TASK TO CARRY OUT. All that is wanted is the exact lines from the first line of the data below through the line with "こだわりの造作家具、TVボード兼用の木製格子等を設置。【エムズアソシエイツ】", both ends included, with pictures omitted.

DATASET.
· · · · · · ·
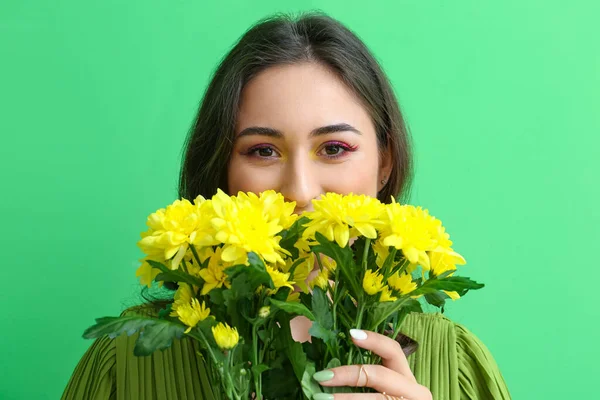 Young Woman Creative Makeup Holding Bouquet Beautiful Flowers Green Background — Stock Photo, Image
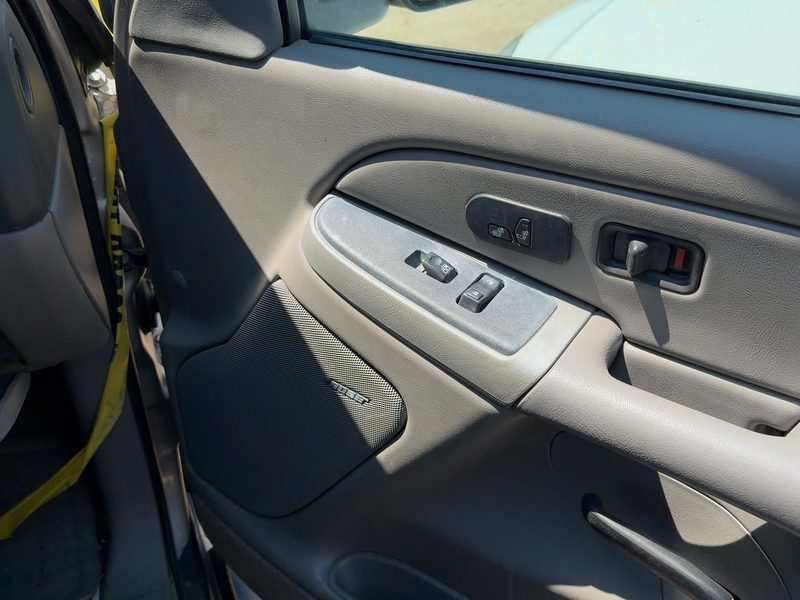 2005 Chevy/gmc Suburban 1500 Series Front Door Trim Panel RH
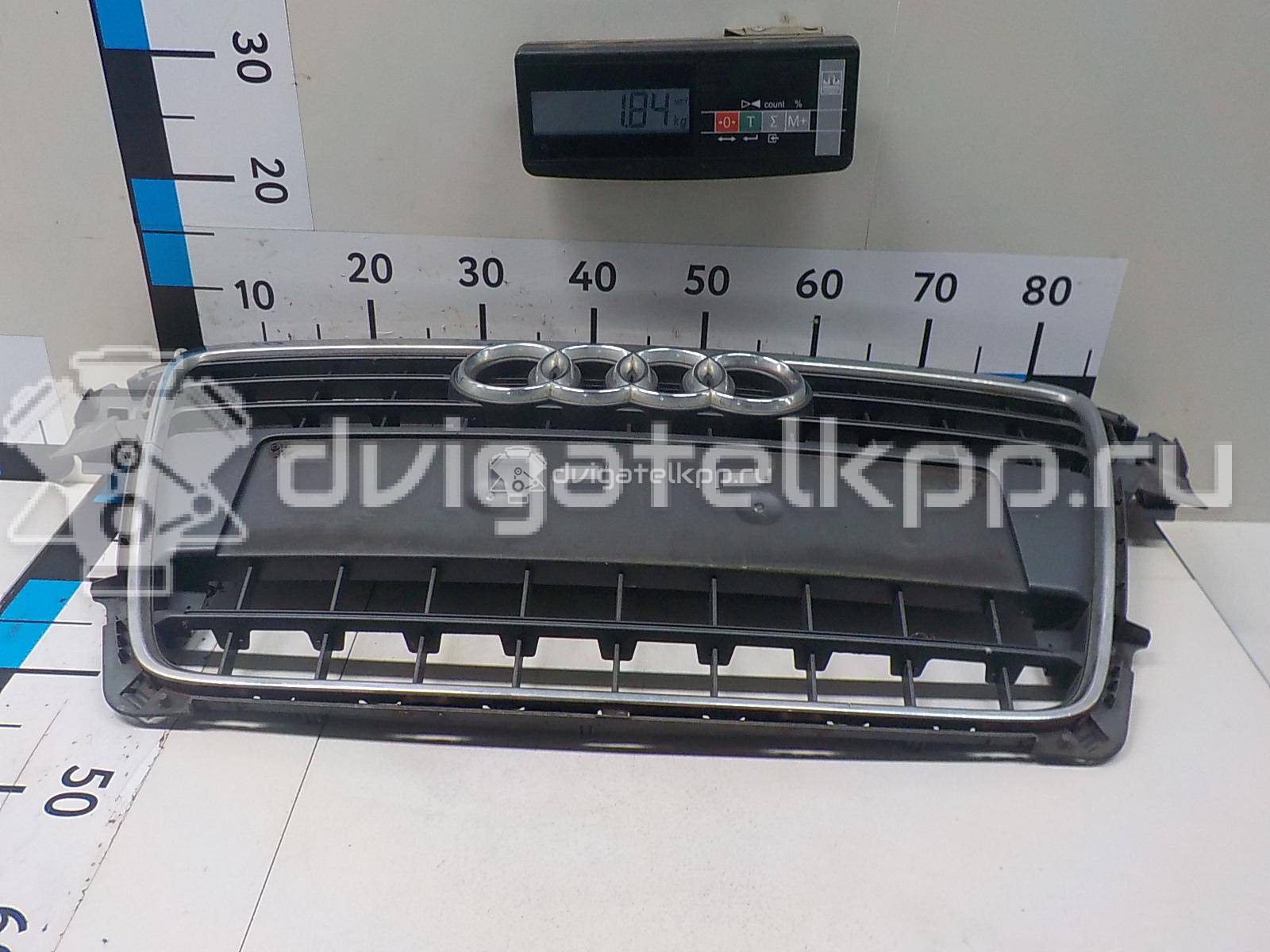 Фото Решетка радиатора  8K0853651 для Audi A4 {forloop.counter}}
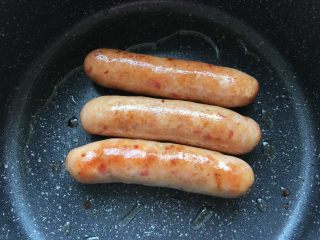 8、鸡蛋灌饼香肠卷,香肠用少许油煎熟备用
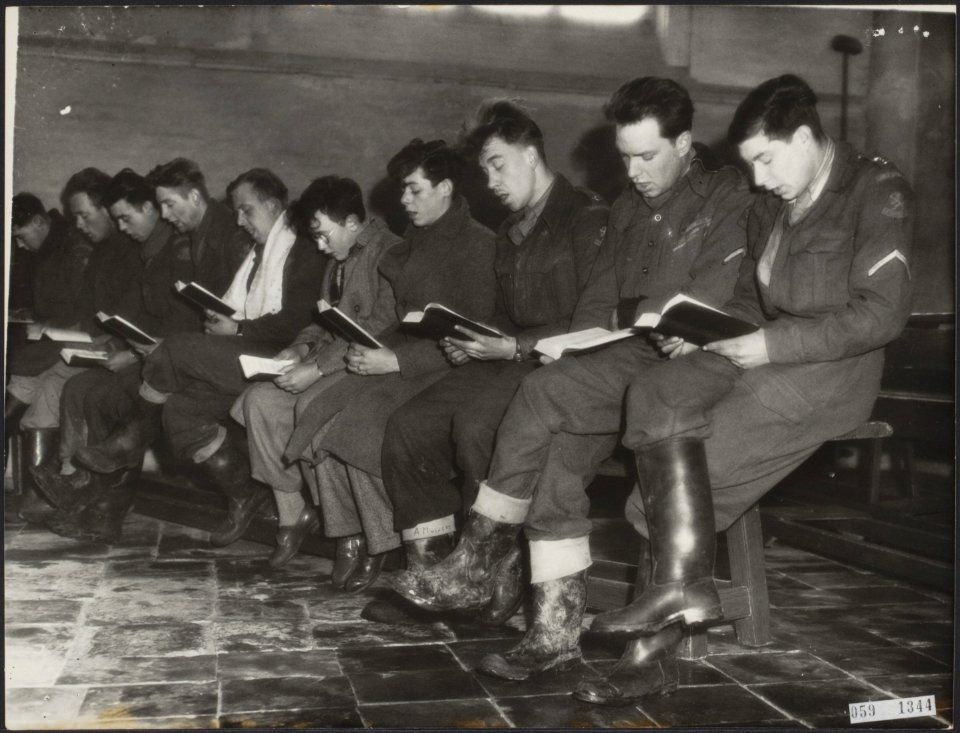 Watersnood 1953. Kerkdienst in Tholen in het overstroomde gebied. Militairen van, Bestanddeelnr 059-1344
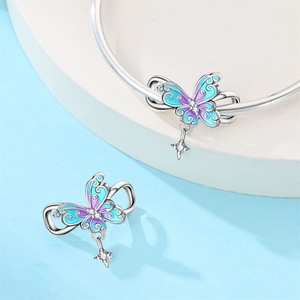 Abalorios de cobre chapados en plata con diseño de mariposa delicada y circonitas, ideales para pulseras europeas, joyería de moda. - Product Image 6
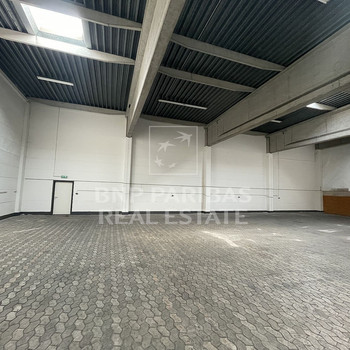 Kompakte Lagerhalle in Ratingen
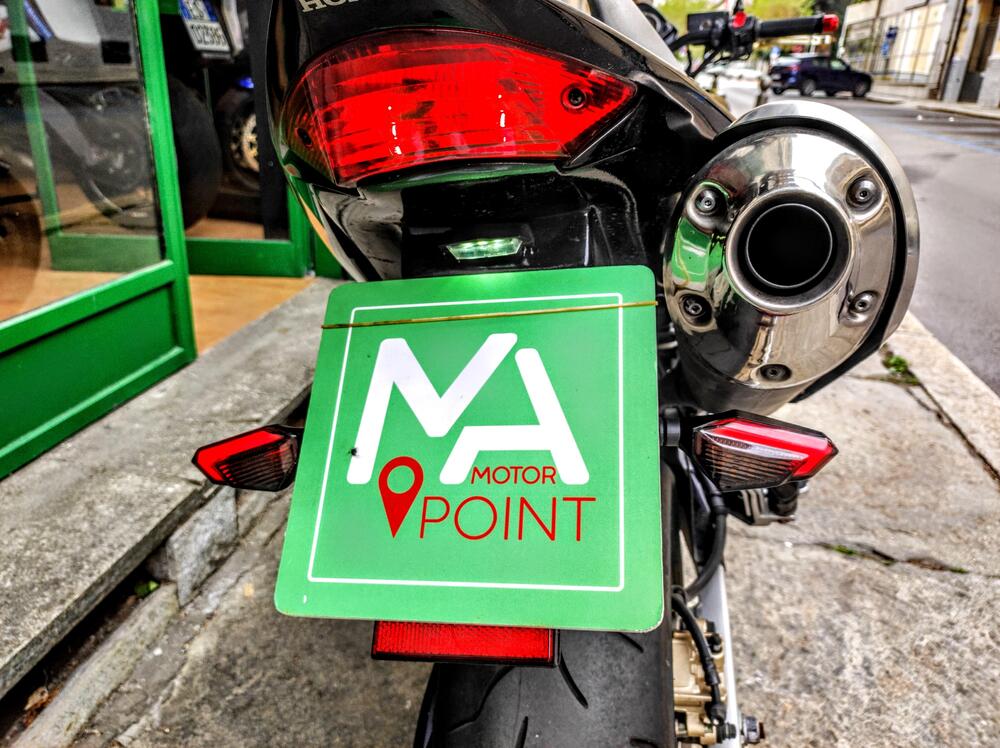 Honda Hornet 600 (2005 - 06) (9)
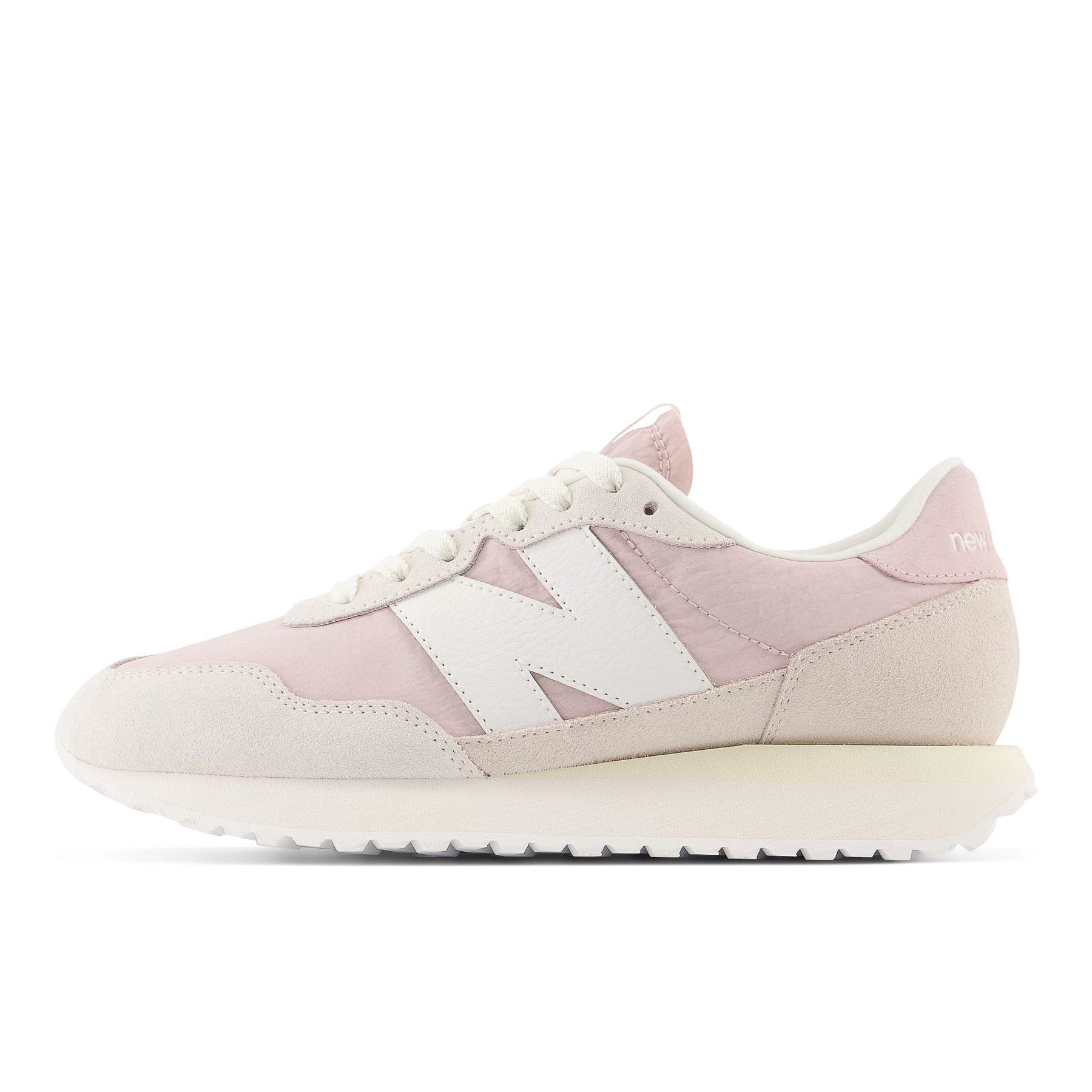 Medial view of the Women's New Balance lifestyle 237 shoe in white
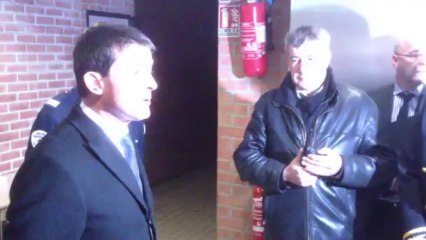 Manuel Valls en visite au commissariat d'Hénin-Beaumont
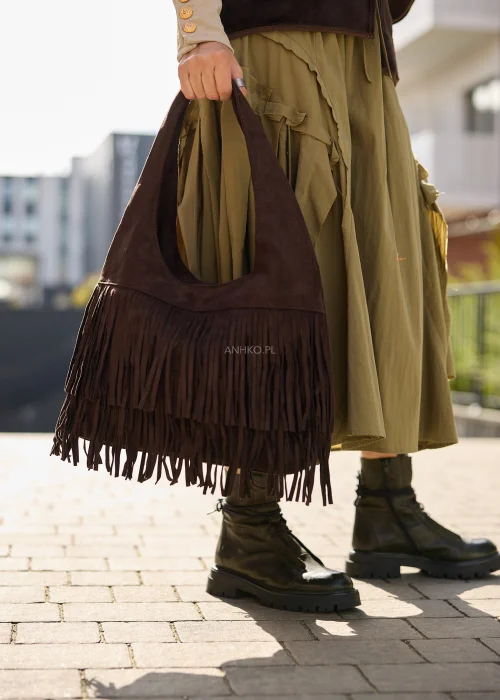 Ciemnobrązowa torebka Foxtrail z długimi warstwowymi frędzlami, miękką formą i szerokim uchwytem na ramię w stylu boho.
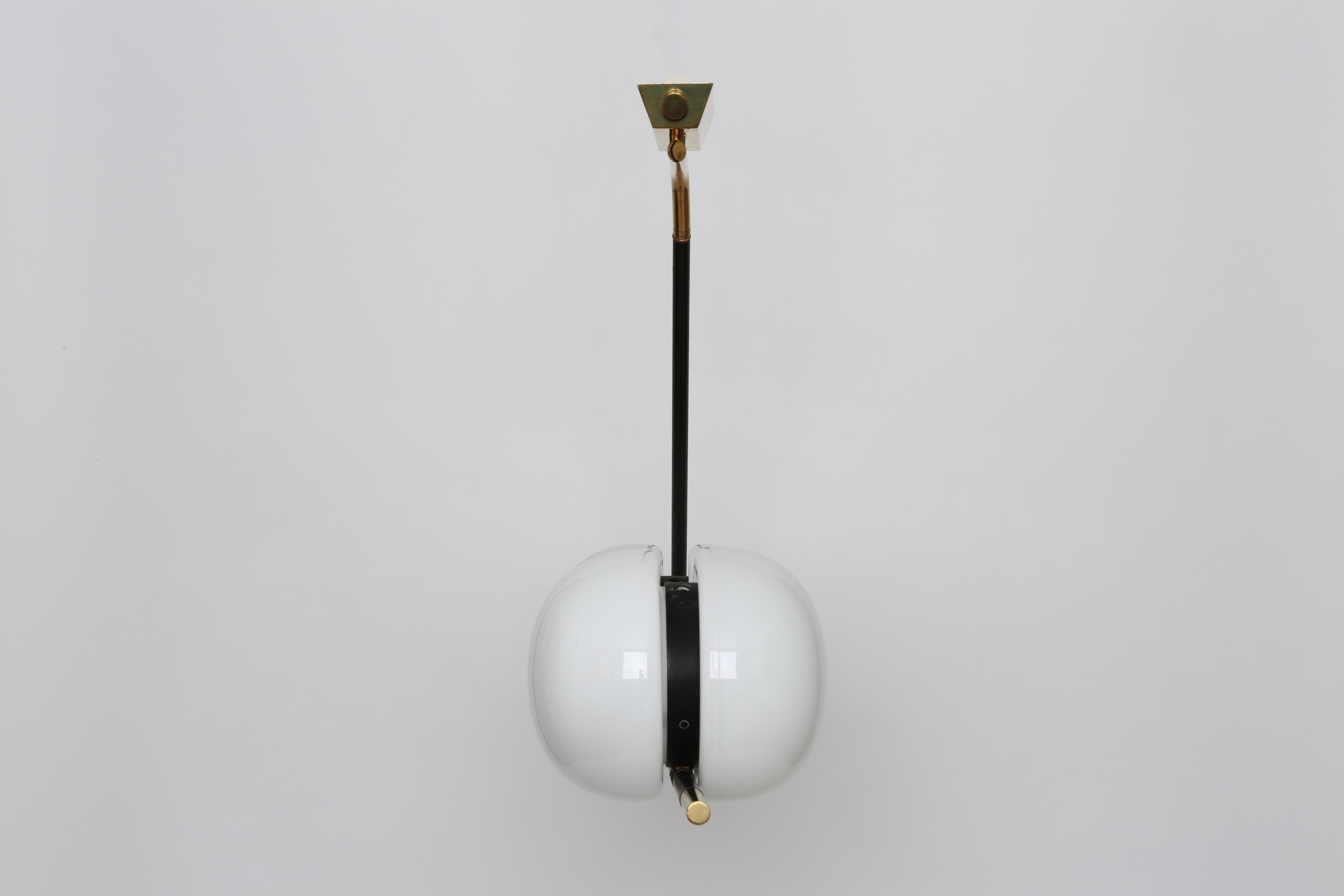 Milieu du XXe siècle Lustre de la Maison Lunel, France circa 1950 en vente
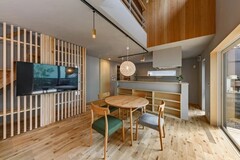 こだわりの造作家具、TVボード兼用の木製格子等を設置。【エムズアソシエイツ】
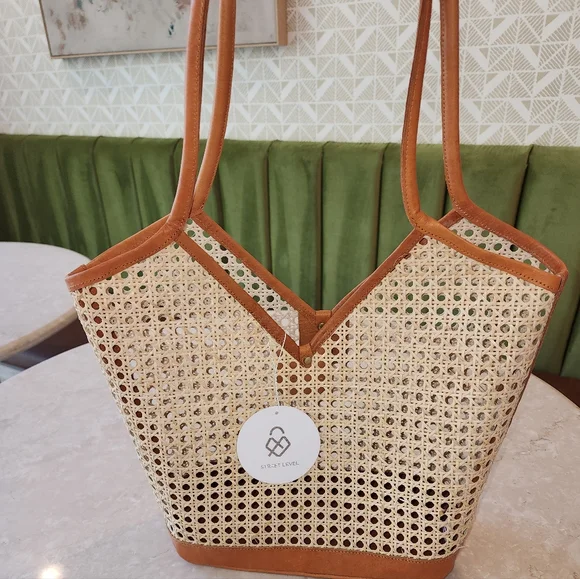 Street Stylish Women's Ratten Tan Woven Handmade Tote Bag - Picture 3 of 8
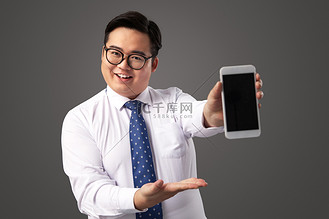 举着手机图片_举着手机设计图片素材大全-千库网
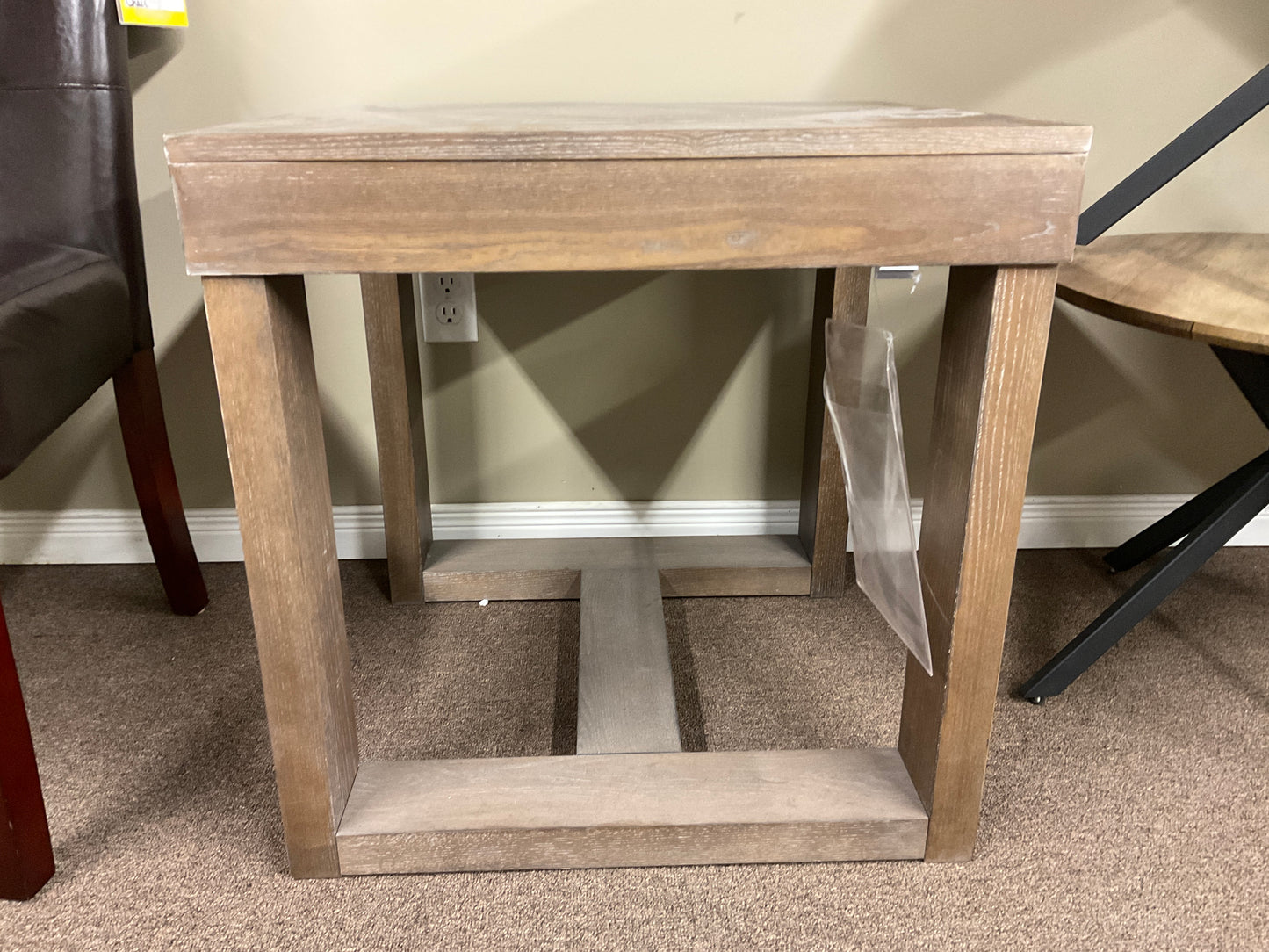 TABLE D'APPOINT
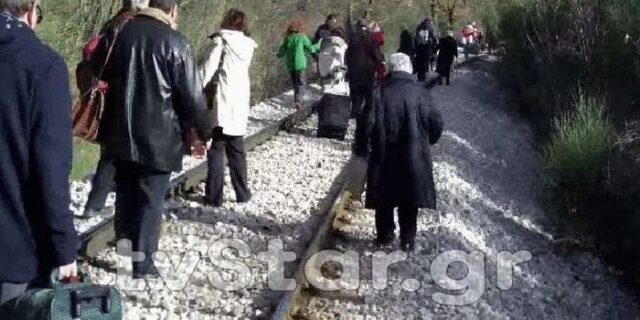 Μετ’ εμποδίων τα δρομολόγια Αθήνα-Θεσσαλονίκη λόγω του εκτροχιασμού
· · · · · · ·
RESULT OF THE TASK.
 Young Woman Creative Makeup Holding Bouquet Beautiful Flowers Green Background — Stock Photo, Image
 2005 Chevy/gmc Suburban 1500 Series Front Door Trim Panel RH
 Фото Решетка радиатора  8K0853651 для Audi A4 {forloop.counter}}
 8、鸡蛋灌饼香肠卷,香肠用少许油煎熟备用
 Watersnood 1953. Kerkdienst in Tholen in het overstroomde gebied. Militairen van, Bestanddeelnr 059-1344
 Abalorios de cobre chapados en plata con diseño de mariposa delicada y circonitas, ideales para pulseras europeas, joyería de moda. - Product Image 6
 Kompakte Lagerhalle in Ratingen
 Honda Hornet 600 (2005 - 06) (9)
 Medial view of the Women's New Balance lifestyle 237 shoe in white
 Manuel Valls en visite au commissariat d'Hénin-Beaumont
 Ciemnobrązowa torebka Foxtrail z długimi warstwowymi frędzlami, miękką formą i szerokim uchwytem na ramię w stylu boho.
 Milieu du XXe siècle Lustre de la Maison Lunel, France circa 1950 en vente
 こだわりの造作家具、TVボード兼用の木製格子等を設置。【エムズアソシエイツ】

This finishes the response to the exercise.